Literary critics call it intentional fallacybasically, that the author’s intentions do not matter and that it’s up to the readers to determine a work’s meaning. That said, we are holding Nicolay Rook and Phonte Coleman responsible for making an album that leads us straight into the upcoming presidential election.
Indeed, in many ways, Leave It All Behind, the second installment in The Foreign Exchange series, is perfect political forethought. Not to suggest that anything about this project is glued to social importance like Marvin Gaye’s “What’s Going On” or even Erykah Badu’s “New Amerykah,” but it does seem all too suspicious: When The Foreign Exchange’s Connected was released in 2004, we were at a stage when the country’s political climate suggested that, in order to deal with the prospect of another four years of the Bush cabinet’s worldwide bullying, you had to adopt a survivalist attitude. Connected couldn’t be too dreamy because it’d be a lie. Continuance was staring us in the eyes, and the assumption was that everyone had to stay strong for another term until someone, anyone came along to help us out.
Here we are. In two weeks, you’re going to be either monumentally pissed off or partying with the rest of the Obamaholics. As you’re reading this, you’re probably harboring the same political anxieties as I am in regards to what could be the grandest swing in the history of American politics. Leave It All Behind sounds redemptive, then, the perfect soundtrack for legitimate change.
Of course, using an album like Leave It All Behindwhich, to many, simply addresses the wins and woes of love and relationshipsto examine and predict the direction in which the country is going politically may be a lost opportunity to examine the music at hand. But it would be intellectually remiss to ignore the connection. Each song glows with the fluorescent, promising and profound absurdity that, yes “We must say our goodbyes to all of the pain and the lies/ but nothing’s been more true than these words to yo,” as Coleman sings on “Valediction.” We’ve been “changed and re-arranged/ but it’s not like it was before.” Yes we can, right?
Neither Rook nor Coleman set out to make Connected II here, to repeat the past. There needed to be growth because that’s what they’ve been doing personally: Rook recently exchanged wedding vows. Coleman, who’s been dumped by a major label since The Foreign Exchance last spoke, recently told Seattle’s DJ Hyphen that he’s at a point where he’s not “as married to rap music and emceeing” as he used to be. Outside of the two times that Coleman decides to rap here, the only thing that really carries over from his skill set as an emcee is the songwriting. On Behind‘s lead single, “Daykeeper,” Coleman, in a ghostly, yearning swoon, sings, “Waiting for the daylight/ ‘cuz then she’ll keep me/ in the safety of her arms/ she never leaves me/ and when the sun rises she watches over me.” Essentially, Coleman suggests he’s safe during neither night nor day, but he’s waiting for protection.

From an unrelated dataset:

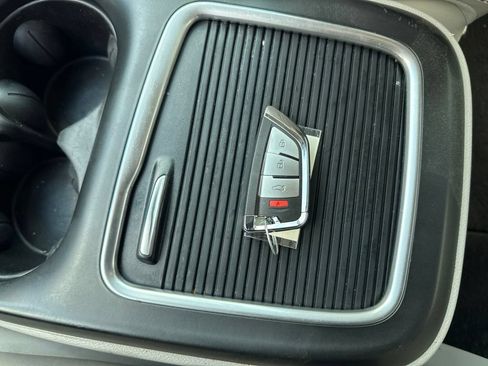 Used 2020 Chrysler Pacifica Limited FWD image 25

Vulnerable moments like this give this album its political credence. What if, by any unfair chance, we’ve all cast our votes for the same candidate and we don’t get the outcome we expect? Is our “House of Cards” going to fall? That duet between Coleman and singer Muhsinah, which borrows its title and part of its chord structure from Radiohead’s song of the same title, suggests as much.
Hope comes through in the end: Rook’s galumphing snyth-stomps provide the platform for Darien Brockington to deliver his pleasing share of bedroom begging on “All or Nothing,” complete with Coleman’s background feathering. The track ends with a nice tempo shift. In the most gorgeous of ways, Coleman’s voice crackles throughout Leave It All Behind, doing the sort of thing one would expect to hear after swallowing a firecracker and singing. On “Something to Behold,” Coleman talks about bringing a smile to his significant other’s face by bringing her a 12-piece batch of chicken wings (fried hard) on her lunch break. Ultimately, the song is a toast to fortune. It’s an open acknowledgment that what we’re witnessing as Americans is joyfully historical, one can hope. Leave It All Behind is a perfect soundtrack for these feelings. It’s music to believe in, complex without being alienating.
As Coleman lulls to his son in an ode to reconciliation on the last song and title track, “Only heaven knows what to make of these changing times…/ I know this world is so cold, but don’t let teardrops change your mind/ so for tonight, let’s just leave it all behind,” he’s also talking to us. After almost a decade of disappointment, we have a chance to start over, to renew our foundations. We will do it, and even if we don’t, we at least have an elegant album to fall back on.